Я пред тобой, о, вечности равенство! —

У полных тайны врат…

Возьми свою расписку на блаженство:

Она цела — не знал я совершенства;

Возьми ее назад.

 

Иван — весь отрицание. Нечеловеческую ношу взвалил на себя этот «русский мальчик». Но есть в Иване глубинное начало, сохраняющее его личность от распада. Это карамазовское приятие — вопреки всему — жизни. Символом его становятся для героя «клейкие, распускающиеся весной листочки» — образ, почерпнутый, вероятно, из пушкинского стихотворения «Еще дуют холодные ветры…» (См.: Бочаров С.Г. О двух пушкинских реминисценциях в «Братьях Карамазовых» // Материалы и исслед. Л., 1976. Т. 2. С. 152.)

Иван и Алеша — антиподы. Гордыне разума Иана с его формулой «все позволено» Достоевский противопоставляет смирение, чистое сердце Алеши. Об Алеше-читателе почти ничего не сказано. Послушник, он не цитирует даже библейские тексты. Однако в романе есть описание непосредственного восприятия героем Евангелия. Усталый, засыпающий, он слышит чтение Евангелия у гроба старца Зосимы. При этом «что-то горело в сердце Алеши, что-то наполнило его вдруг до боли, слезы восторга рвались из души его…»

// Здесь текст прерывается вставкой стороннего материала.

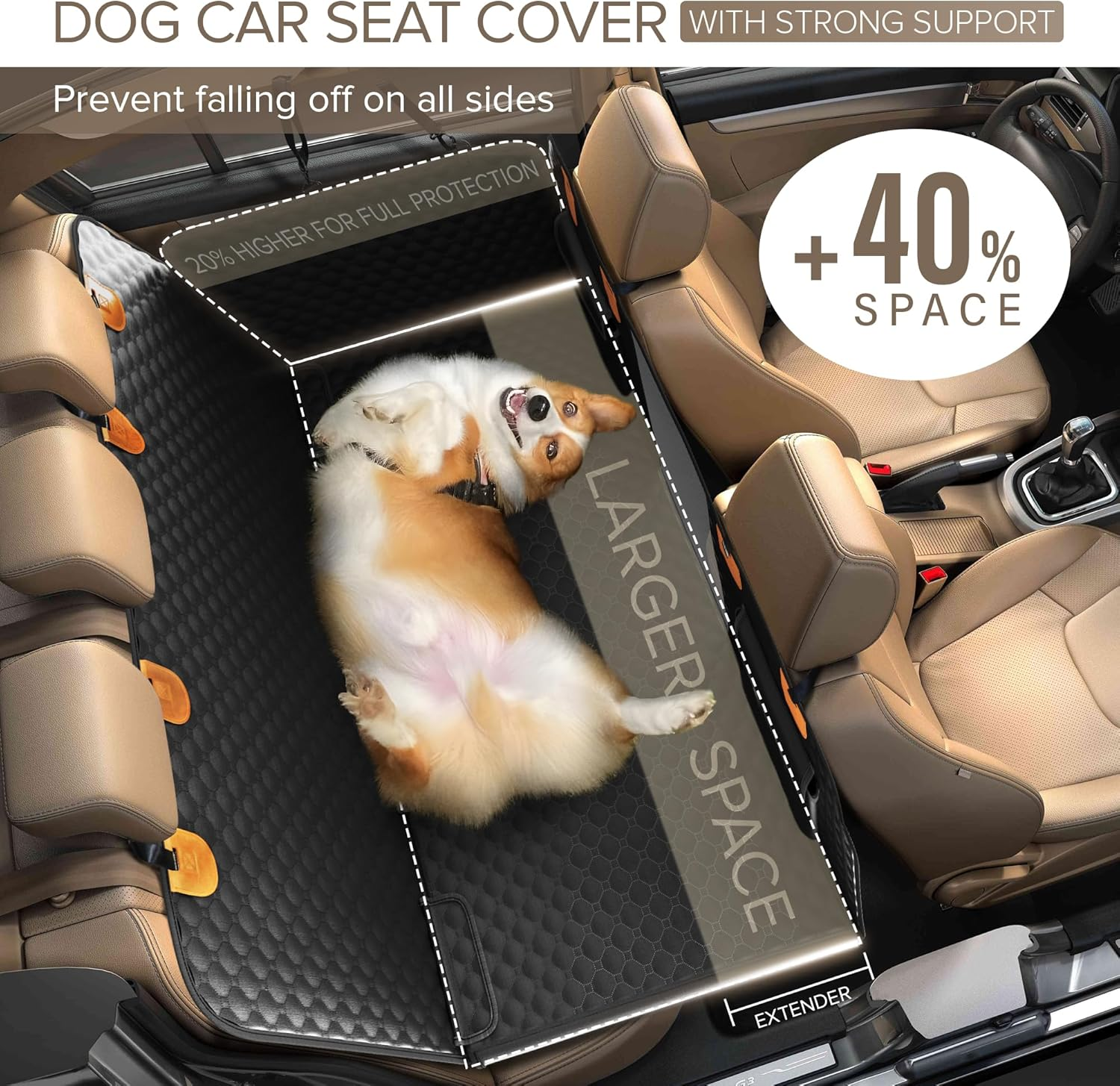 Back Seat Extender for Dogs Heavy Duty Dog Car Seat Cover for Back Seat - Image 2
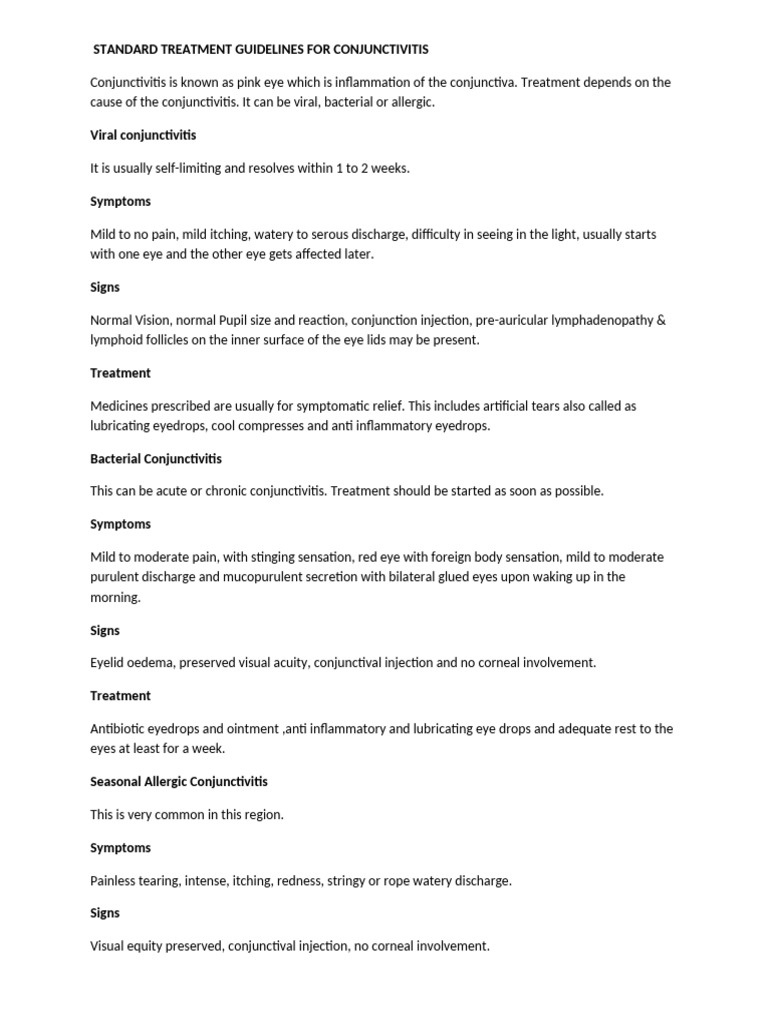 Treatment Guidelines for Eye Conditions | PDF | Cataract | Human Eye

Иван загадочен, поэтому и круг его чтения скрыт — дан в реминисценциях, отдельных образах. Другое дело — Митя: в нем все наружу, все напоказ — грязь и святость. И читательские интересы его становятся ясны, как только он появляется на страницах романа. Достоевскому важно было сразу же с возможной полнотой очертить характер своего героя — «горячего сердца», романтика, способного на любой безудерж во имя прикосновения — хотя бы мгновенного — к идеалу красоты. Митя читает немало, но беспорядочно — в основном поэтические произведения, которые много и охотно цитирует, частенько искажая текст. Особенно увлечен он стихотворениями и трагедиями Шиллера, этого, по слову Белинского, «благородного адвоката человечества».

Для понимания характера Мити очень много значит его исповедь Алеше. Давая название главе, Достоевский подчеркнул и способ обрисовки характера — «Исповедь горячего сердца. В стихах» (курсив мой. — М.К.). Речь идет, конечно, не о Митиных стихах. Хотя в его захлебывающейся речи нет-нет да и мелькнут обрывки двух-трех рифмованных строк. Трудно сказать: то ли это — плод его творчества, то ли измененные до неузнаваемости строки поэтов, «сросшиеся» с Митиным слогом. Рассказ героя о его жизни поминутно прерывается стихами Некрасова и Майкова, Тютчева и Гёте. Романтик Митя живет в двух измерениях — реальном и поэтическом. Только поэзия, красота способны спасти его от «реализма действительной жизни». Поэзия и романтизм — понятия, связанные в его сознании нераздельно. И, как истый романтик, он противопоставляет мир поэтический — реальному. «Какие страшные трагедии устраивает с людьми реализм!» — восклицает он.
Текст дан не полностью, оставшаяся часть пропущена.